#### WHAT YOU HAVE TO DO
Write down, unchanged, the entries from the first line through the line holding "снимка 5 SkyJack". Include no other line.

#### MATERIAL FOR THIS TASK
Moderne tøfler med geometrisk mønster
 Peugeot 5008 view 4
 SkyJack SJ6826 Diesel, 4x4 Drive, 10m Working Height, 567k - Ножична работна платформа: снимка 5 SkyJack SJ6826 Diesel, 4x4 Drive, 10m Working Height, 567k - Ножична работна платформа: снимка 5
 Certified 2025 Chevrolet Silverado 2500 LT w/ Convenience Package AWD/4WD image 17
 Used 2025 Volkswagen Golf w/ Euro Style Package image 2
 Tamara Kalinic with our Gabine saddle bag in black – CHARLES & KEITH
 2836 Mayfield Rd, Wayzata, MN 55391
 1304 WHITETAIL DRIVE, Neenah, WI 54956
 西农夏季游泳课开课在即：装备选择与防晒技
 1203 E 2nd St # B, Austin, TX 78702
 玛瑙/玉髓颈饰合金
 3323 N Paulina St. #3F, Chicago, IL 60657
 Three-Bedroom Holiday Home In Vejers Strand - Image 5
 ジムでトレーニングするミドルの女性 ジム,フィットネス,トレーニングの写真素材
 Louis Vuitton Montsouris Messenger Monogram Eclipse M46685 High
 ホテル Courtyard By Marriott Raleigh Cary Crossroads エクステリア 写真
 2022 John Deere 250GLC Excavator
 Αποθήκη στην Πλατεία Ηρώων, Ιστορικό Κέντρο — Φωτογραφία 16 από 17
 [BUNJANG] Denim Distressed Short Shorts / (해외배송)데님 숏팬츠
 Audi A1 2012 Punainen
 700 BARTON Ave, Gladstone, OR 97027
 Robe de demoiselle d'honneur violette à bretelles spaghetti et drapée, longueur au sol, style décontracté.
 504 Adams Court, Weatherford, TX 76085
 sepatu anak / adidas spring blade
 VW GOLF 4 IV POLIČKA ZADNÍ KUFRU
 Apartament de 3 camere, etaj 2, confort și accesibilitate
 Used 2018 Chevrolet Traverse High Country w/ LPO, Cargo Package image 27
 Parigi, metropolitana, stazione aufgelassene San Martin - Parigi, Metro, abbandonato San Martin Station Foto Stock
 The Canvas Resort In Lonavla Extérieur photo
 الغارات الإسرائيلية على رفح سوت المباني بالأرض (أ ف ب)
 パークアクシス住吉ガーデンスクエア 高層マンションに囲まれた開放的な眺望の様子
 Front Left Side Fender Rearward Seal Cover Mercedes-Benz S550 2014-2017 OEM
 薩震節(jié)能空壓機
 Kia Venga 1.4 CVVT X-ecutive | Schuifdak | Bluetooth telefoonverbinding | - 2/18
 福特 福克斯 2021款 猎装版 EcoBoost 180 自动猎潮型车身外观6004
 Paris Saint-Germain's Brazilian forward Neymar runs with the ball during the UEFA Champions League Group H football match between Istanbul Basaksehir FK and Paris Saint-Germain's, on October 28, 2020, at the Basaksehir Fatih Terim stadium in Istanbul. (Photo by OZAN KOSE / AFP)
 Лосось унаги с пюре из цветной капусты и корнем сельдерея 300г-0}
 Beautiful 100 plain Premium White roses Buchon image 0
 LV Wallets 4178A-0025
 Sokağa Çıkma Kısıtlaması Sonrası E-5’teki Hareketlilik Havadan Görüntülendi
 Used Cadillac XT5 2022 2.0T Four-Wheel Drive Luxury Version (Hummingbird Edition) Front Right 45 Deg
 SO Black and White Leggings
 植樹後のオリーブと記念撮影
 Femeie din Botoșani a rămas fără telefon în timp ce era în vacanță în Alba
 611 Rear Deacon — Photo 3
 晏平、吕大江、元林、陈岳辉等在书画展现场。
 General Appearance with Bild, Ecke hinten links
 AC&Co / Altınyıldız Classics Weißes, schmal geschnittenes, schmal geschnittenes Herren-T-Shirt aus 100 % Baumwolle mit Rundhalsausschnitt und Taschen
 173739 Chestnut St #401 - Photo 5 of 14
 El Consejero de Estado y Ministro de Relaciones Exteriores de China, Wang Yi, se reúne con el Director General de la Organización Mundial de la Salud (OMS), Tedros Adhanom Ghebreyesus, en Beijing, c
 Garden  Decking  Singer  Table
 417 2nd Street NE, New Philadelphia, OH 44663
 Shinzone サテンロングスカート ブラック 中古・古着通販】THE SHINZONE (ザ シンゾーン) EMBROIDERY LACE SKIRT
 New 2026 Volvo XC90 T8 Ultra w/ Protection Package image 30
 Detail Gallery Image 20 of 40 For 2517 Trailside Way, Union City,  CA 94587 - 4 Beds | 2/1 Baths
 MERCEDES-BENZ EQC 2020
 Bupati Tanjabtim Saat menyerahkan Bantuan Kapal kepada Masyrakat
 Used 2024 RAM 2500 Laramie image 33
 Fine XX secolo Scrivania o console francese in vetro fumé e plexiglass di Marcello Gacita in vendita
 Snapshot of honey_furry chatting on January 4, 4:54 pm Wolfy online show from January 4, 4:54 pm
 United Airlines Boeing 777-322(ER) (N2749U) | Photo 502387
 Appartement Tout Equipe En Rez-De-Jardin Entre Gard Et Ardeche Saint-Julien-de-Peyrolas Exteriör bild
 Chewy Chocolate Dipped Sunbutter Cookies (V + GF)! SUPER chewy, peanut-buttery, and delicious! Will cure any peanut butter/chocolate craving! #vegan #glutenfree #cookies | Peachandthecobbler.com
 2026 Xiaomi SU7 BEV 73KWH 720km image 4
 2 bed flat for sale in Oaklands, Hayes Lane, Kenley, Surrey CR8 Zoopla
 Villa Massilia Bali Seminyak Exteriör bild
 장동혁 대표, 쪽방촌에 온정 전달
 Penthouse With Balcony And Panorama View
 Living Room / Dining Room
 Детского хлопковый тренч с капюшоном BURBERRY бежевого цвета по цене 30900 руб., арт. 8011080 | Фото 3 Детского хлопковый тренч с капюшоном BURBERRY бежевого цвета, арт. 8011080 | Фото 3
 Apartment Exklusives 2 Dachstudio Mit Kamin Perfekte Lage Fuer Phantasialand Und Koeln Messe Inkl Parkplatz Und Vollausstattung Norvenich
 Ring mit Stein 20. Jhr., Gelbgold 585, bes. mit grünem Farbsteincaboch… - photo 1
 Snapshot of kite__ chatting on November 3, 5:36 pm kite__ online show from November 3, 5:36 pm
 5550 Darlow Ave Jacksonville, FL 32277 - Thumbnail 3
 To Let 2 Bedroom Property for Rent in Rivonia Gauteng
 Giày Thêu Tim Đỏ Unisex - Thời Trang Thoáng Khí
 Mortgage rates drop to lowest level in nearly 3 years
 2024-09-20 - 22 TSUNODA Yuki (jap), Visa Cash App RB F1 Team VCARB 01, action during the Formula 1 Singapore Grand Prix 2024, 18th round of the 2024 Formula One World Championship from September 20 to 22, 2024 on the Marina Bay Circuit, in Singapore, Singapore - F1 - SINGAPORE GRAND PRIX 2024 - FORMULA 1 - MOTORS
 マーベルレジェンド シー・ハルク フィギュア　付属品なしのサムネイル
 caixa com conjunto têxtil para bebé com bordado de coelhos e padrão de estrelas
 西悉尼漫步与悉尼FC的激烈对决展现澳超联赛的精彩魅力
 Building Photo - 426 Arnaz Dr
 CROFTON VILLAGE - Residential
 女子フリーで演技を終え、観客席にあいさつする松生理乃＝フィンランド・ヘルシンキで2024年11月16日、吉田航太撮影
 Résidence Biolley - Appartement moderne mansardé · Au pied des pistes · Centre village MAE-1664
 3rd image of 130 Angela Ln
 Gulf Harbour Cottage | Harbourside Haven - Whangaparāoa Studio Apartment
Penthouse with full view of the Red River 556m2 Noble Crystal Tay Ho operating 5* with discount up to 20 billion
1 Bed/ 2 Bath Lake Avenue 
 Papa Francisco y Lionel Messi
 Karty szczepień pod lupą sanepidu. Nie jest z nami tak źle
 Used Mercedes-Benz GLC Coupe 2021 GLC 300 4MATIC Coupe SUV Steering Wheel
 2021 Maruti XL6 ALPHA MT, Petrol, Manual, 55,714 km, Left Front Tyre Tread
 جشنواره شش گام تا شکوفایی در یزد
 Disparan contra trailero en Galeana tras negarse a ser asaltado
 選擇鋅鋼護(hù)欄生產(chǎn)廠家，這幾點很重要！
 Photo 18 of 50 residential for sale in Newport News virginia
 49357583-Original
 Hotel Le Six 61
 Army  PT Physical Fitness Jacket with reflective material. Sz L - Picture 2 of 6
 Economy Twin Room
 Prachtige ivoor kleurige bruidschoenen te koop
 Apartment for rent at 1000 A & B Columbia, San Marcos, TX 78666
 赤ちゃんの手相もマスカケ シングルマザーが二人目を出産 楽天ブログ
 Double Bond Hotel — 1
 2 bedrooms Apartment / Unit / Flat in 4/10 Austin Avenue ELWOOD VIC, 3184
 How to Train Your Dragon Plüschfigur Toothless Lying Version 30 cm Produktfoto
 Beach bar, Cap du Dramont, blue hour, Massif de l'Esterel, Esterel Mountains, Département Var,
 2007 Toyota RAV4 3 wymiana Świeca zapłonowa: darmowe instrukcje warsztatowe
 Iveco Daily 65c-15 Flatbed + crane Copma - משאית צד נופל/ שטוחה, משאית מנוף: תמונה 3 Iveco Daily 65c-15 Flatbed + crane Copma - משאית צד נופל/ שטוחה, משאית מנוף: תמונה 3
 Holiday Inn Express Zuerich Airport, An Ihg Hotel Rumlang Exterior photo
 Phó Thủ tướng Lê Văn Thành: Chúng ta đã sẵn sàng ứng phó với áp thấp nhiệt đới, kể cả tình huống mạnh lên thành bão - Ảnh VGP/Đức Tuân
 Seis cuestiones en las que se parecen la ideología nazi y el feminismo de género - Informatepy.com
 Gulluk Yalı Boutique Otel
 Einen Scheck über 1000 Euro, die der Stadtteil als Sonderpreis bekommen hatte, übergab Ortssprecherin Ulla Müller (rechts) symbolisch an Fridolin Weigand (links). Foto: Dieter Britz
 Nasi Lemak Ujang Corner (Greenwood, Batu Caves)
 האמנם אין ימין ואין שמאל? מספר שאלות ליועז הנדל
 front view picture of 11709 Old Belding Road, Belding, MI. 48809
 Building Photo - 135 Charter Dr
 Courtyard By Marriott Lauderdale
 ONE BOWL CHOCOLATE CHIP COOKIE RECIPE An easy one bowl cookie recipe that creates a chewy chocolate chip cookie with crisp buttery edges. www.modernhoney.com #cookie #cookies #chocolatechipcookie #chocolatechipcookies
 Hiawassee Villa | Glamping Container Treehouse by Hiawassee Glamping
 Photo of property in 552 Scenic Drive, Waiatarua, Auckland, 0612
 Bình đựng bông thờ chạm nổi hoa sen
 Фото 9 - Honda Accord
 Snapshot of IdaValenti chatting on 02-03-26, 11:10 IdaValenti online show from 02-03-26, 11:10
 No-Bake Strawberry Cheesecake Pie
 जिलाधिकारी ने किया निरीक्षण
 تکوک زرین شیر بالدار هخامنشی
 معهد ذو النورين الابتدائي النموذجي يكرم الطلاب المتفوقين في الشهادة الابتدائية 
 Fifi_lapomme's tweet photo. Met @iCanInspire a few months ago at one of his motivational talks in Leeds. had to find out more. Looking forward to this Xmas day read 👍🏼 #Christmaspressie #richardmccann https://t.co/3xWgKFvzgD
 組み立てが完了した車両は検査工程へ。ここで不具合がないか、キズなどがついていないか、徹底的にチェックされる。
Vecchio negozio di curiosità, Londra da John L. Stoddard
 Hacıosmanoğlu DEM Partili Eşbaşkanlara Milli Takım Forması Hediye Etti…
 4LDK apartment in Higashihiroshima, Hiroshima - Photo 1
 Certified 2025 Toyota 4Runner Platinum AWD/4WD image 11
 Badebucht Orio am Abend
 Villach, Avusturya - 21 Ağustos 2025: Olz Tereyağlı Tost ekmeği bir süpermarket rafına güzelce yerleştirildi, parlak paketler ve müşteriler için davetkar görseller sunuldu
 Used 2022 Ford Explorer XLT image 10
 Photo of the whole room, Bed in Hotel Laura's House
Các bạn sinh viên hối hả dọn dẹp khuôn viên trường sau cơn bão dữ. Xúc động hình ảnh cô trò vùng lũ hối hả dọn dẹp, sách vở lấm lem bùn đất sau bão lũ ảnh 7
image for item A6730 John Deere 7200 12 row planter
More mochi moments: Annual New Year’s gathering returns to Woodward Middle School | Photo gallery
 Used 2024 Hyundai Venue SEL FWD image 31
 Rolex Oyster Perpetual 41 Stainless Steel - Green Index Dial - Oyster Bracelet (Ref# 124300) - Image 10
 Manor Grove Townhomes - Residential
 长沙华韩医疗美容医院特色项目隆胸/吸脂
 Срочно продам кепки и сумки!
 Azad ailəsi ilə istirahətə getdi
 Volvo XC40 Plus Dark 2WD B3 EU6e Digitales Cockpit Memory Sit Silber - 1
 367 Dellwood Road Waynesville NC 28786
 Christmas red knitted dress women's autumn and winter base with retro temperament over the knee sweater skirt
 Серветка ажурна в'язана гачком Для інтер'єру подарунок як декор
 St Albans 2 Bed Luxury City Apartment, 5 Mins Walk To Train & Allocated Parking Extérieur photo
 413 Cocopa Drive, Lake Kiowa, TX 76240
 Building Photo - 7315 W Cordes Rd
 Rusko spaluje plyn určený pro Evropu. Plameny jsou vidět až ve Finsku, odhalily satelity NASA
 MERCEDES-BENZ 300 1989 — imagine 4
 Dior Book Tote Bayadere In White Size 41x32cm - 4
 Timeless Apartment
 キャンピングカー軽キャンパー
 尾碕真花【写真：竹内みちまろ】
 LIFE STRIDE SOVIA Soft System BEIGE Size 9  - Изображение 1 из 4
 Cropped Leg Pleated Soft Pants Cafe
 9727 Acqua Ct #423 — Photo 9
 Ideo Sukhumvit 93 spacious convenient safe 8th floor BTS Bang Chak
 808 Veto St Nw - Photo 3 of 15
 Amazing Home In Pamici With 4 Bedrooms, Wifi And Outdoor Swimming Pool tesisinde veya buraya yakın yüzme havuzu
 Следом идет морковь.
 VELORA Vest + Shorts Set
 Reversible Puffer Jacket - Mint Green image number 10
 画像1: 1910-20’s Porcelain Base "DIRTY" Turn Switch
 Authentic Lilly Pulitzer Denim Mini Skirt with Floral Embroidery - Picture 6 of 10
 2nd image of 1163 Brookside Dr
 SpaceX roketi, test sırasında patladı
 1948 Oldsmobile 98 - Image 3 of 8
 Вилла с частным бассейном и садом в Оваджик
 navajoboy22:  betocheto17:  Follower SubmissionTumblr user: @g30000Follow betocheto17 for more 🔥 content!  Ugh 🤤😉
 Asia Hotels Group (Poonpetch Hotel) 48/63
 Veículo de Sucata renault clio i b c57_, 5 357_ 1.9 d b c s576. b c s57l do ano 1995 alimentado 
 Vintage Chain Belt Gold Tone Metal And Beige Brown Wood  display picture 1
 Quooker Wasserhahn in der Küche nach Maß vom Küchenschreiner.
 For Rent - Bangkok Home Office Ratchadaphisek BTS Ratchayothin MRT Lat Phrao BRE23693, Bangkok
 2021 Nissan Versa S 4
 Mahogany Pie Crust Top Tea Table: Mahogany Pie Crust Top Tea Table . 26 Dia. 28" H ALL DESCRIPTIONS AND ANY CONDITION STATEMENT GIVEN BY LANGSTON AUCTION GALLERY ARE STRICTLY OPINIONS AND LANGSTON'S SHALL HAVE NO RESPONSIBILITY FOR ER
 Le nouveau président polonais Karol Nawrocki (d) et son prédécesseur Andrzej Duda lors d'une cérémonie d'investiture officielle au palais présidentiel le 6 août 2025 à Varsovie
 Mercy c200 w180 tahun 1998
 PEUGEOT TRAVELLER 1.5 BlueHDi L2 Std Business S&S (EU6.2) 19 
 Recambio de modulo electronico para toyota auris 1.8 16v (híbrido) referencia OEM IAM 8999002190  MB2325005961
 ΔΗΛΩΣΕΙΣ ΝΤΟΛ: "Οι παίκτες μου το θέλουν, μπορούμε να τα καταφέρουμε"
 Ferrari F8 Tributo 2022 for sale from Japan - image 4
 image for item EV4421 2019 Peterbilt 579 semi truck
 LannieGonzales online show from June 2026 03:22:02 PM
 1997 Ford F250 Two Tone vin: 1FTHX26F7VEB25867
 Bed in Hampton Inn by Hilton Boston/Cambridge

#### RESULT
Moderne tøfler med geometrisk mønster
 Peugeot 5008 view 4
 SkyJack SJ6826 Diesel, 4x4 Drive, 10m Working Height, 567k - Ножична работна платформа: снимка 5 SkyJack SJ6826 Diesel, 4x4 Drive, 10m Working Height, 567k - Ножична работна платформа: снимка 5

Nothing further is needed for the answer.